Nice addition for the starcoder2data-extras subsets. The download helper follows existing patterns well. I found two bugs that will prevent this from working at runtime, plus a few smaller issues. See inline comments for details and suggested fixes.

Bugs (must fix)

  1. default_tokenize doesn't accept worker_resources (inline) — The experiment script passes worker_resources to default_tokenize(), but that function doesn't have this parameter. This will TypeError at runtime. You'll need to construct TokenizeConfig + ExecutorStep directly (the pattern used by dolmino.py and nemotron_v2.py), which also lets you set worker_resources on the config.
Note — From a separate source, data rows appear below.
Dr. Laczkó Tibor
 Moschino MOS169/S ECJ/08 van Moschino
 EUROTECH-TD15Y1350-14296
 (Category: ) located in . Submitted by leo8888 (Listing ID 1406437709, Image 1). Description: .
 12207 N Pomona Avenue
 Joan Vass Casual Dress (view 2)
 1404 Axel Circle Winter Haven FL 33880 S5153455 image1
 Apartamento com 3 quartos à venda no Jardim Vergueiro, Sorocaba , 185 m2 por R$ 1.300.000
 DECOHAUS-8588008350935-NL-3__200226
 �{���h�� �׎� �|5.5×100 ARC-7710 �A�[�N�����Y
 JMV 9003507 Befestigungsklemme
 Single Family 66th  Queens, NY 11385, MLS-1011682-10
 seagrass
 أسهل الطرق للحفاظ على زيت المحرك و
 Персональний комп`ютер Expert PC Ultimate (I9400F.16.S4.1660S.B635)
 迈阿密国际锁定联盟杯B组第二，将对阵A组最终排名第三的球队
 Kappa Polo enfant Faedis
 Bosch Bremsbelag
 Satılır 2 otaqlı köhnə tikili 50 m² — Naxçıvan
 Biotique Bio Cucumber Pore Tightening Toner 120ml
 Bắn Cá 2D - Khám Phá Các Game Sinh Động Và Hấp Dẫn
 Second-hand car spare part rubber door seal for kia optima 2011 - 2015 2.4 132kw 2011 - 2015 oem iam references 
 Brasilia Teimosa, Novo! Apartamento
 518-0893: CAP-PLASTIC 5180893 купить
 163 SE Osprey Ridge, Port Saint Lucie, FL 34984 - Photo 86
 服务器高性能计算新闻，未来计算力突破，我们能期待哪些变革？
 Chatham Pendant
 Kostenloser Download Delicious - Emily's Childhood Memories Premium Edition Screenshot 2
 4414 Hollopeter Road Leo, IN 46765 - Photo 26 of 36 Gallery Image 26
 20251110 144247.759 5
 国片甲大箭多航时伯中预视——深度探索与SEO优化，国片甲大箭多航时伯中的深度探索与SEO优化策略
  2. meta.serialized_size is metadata size, not data size (inline) — pq.read_metadata().serialized_size returns the Parquet footer metadata size (a few KB), not the actual file data size. This makes the resharding effectively a no-op — every file looks "small". Use sum(meta.row_group(i).total_byte_size for i in range(meta.num_row_groups)) instead.

Minor issues

  1. Missing hash_attrs for target_shard_mb (inline) — Changing the shard size won't invalidate the cache.

  2. Hardcoded gs:// prefix (inline) — The glob result reconstruction assumes GCS.

  3. Docstring missing "kaggle" (inline) — The experiment docstring lists subsets but omits "kaggle".

@Helw150 Helw150 marked this pull request as draft April 9, 2026 22:56
Comment on lines +33 to +39
default_tokenize(
name=f"starcoder2_extras/{subset}",
dataset=download.as_executor_step(),
tokenizer=tokenizer,
format=TextLmDatasetFormat(text_key="content"),
worker_resources=ResourceConfig(ram=ram, disk="10g"),
)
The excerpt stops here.